Please write out the entire listing below exactly, excluding its pictures.

## Information supplied
****
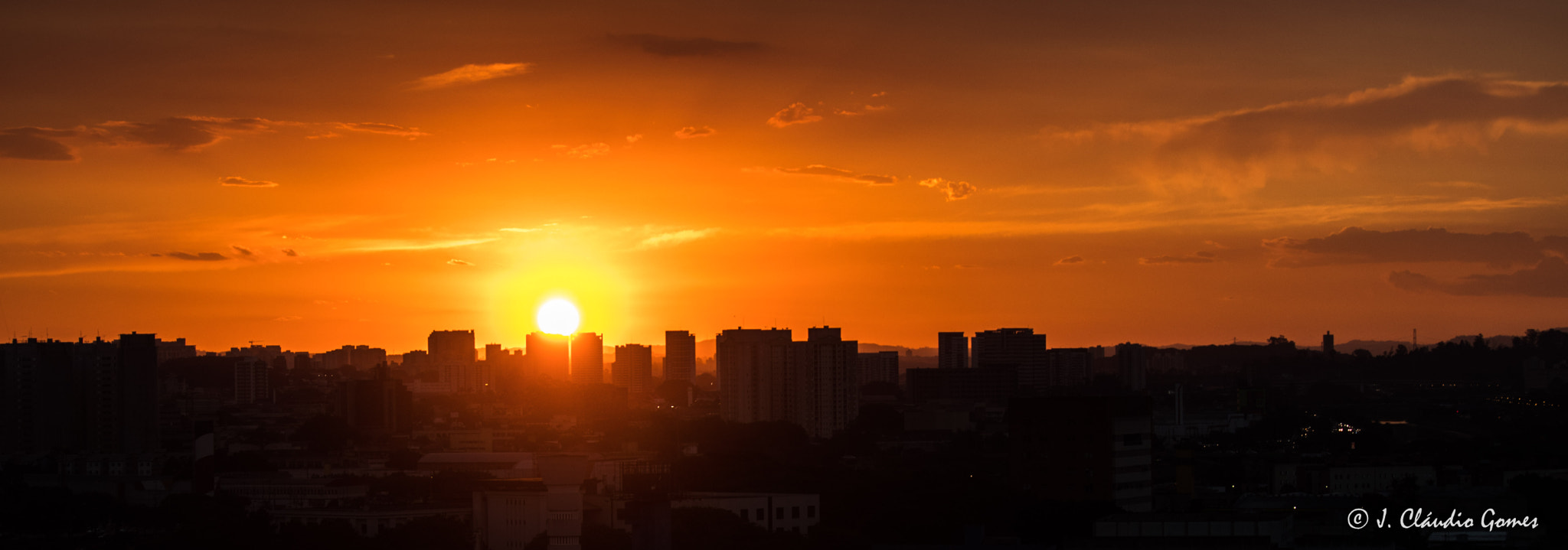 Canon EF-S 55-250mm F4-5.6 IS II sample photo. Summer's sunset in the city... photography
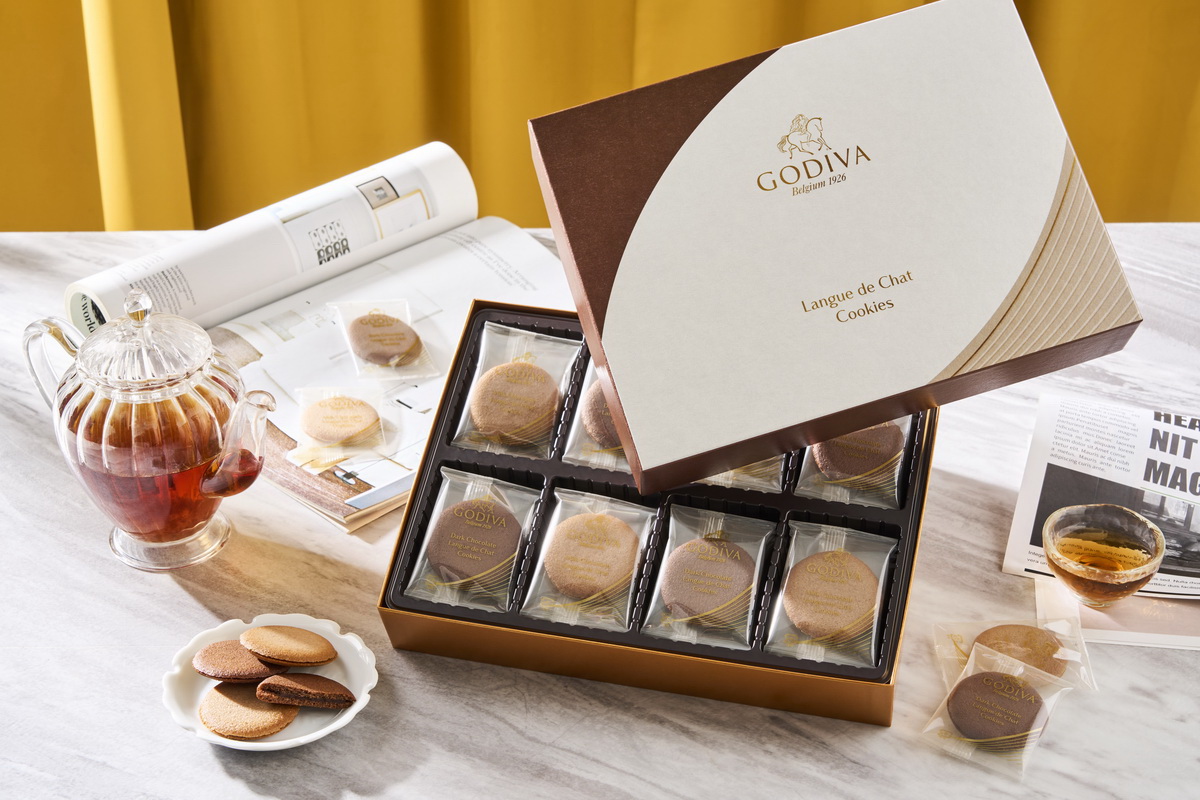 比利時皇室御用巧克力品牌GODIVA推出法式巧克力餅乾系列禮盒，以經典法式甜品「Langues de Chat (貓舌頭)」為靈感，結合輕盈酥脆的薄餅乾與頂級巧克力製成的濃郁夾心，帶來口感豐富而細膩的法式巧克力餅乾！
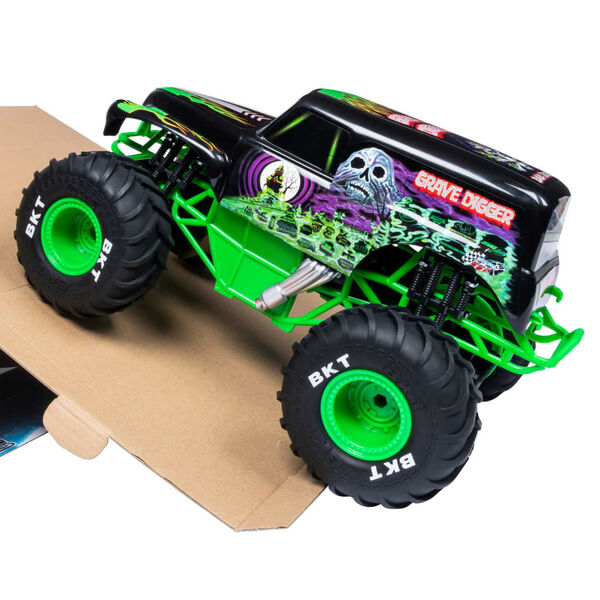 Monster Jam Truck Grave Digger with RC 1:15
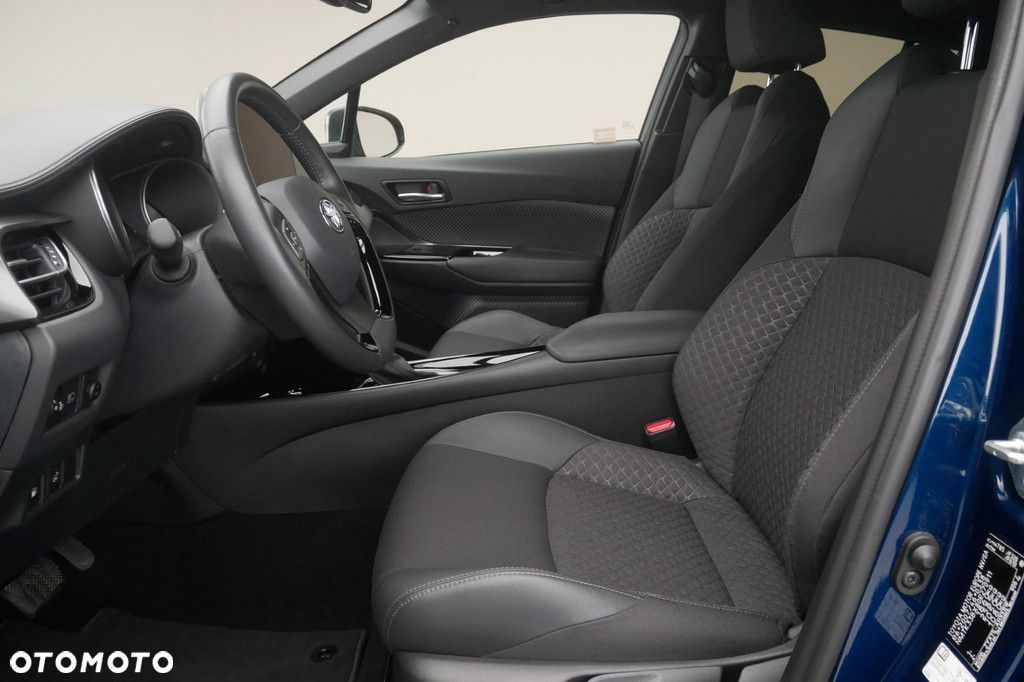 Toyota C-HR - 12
****
## Expected output
 Canon EF-S 55-250mm F4-5.6 IS II sample photo. Summer's sunset in the city... photography
 比利時皇室御用巧克力品牌GODIVA推出法式巧克力餅乾系列禮盒，以經典法式甜品「Langues de Chat (貓舌頭)」為靈感，結合輕盈酥脆的薄餅乾與頂級巧克力製成的濃郁夾心，帶來口感豐富而細膩的法式巧克力餅乾！
 Monster Jam Truck Grave Digger with RC 1:15
 Toyota C-HR - 12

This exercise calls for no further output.